In this repo we will look at a deep learning method to find the camera roll. Lets get started!
As we took equirectangular photos from the camera, we started identifying the roll values by the shape of the sine wave. So, we decided why not try Machine Learning method to figure out the camera roll values automatically from the photos.
- Python
- Tensorflow
- Numpy
- Matplotlib
Data: We took some images of varying roll values and placed them in folder that specified their roll values. The image_dataset_from_directory method automatically labels the images by the their parent directory name. The labels were 0, 45, 90, 135, 180, 225, 270, 315, 360.
Model: We Used a pre-trained VGG-16 model for identifying roll values. The optimizer used in the model was RMSprop with learning rate of .0001 and the loss function was categorical_crossentropy.

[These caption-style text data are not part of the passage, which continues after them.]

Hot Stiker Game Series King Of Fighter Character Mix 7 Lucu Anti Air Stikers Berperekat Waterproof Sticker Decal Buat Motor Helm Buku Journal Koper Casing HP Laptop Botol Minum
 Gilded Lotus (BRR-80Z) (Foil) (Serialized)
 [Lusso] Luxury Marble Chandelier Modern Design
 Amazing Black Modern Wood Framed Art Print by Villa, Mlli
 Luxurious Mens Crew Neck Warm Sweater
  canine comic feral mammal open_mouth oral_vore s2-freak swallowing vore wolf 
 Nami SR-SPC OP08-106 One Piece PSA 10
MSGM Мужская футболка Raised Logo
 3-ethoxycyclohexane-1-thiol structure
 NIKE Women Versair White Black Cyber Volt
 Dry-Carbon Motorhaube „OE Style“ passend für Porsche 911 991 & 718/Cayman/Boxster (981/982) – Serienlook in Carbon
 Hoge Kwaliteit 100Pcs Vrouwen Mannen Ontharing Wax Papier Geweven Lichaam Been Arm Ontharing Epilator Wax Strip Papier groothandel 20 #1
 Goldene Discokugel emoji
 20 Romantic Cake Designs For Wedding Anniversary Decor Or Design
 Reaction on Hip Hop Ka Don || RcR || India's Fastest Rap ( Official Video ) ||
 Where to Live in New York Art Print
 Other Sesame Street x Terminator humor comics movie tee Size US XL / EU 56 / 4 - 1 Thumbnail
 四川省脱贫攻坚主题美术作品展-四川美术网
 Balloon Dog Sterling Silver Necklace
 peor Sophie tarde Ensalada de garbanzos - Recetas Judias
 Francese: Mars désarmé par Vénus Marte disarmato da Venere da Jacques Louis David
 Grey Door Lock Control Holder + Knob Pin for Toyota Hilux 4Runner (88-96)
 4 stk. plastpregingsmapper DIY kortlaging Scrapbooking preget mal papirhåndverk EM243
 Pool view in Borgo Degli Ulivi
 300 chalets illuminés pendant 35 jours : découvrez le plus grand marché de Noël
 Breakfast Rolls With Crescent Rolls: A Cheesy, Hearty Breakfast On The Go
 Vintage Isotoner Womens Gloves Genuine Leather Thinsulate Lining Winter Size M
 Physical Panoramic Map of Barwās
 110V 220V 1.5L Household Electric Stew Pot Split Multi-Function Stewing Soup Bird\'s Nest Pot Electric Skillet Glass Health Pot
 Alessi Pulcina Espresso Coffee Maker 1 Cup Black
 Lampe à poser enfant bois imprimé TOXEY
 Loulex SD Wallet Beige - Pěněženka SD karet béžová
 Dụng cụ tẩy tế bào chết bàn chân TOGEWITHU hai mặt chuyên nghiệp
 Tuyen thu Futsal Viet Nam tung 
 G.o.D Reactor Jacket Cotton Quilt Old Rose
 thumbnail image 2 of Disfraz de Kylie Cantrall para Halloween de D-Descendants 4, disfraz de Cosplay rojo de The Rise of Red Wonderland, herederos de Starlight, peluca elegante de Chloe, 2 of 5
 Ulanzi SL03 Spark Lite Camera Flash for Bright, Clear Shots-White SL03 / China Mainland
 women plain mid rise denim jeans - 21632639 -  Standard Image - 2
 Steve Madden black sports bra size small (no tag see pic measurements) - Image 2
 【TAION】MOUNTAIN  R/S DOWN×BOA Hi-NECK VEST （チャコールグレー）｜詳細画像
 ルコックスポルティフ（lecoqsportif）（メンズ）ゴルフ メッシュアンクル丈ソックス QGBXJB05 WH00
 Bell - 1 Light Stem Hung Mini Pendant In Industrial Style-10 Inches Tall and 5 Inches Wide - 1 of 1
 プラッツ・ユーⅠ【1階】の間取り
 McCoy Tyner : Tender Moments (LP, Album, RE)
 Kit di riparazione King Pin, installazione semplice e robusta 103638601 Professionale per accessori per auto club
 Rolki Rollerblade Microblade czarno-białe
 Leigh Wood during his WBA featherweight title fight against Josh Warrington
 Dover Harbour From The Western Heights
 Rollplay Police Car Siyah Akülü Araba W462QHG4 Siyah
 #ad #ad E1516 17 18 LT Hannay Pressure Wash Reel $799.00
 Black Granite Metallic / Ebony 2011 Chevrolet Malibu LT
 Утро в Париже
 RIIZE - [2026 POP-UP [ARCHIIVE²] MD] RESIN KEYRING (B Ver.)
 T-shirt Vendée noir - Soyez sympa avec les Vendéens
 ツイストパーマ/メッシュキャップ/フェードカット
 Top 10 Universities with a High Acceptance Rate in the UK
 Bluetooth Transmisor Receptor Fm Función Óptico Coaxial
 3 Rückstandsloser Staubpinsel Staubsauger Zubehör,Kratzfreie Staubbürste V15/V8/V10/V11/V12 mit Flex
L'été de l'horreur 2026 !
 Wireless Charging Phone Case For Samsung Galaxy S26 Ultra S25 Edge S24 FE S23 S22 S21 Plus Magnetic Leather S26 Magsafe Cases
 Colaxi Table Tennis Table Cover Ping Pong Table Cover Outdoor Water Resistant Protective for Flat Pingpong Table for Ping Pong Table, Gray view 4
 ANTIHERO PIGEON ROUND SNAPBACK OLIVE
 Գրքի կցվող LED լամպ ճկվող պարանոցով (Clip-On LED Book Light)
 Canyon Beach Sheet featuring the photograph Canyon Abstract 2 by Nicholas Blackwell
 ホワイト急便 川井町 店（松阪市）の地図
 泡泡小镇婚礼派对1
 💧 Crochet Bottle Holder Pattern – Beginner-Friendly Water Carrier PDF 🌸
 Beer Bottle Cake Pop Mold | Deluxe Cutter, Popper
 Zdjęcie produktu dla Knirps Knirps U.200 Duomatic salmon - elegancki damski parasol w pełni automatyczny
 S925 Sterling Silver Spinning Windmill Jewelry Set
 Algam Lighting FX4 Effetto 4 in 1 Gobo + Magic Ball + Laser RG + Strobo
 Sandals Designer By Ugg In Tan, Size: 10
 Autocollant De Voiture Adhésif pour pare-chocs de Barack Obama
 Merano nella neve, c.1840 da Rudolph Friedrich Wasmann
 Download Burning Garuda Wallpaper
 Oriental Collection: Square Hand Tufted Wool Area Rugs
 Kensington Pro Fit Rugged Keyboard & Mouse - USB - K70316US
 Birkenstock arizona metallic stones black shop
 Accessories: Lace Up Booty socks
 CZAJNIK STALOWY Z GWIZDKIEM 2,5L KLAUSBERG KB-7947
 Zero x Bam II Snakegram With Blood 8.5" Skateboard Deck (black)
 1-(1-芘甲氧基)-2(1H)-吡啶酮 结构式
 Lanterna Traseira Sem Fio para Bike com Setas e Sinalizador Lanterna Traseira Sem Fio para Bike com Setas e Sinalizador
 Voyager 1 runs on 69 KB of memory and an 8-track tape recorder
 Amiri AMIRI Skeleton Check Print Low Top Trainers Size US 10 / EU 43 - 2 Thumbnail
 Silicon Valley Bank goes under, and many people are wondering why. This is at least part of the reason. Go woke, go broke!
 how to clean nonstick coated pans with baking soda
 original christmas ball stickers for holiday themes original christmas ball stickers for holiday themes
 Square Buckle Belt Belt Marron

We trained the model for 30 epochs.
Results: We got 88% accuracy on the training data and 84% accuracy on validation data(which was used for tuning the hyperparameters). We also made a separate directory for test data. The images in the test data was not seen by the model before and the model gave the accuracy of 75%.
- The dataset used for the training was quite small. The accuracy can be increased by using a larger dataset of images
- Using more precise labelling technique, such as using a gyroscope with the camera. The gyroscope can be configured by using arduino. As the images will be taken by the camera the gyroscope with the help of arduino can record the image label, which can later be used for training the model.
- Updating the model by adding a regression network at the end and using L2 loss function (Mean Squared Loss). This will output a real number in the range 0-360.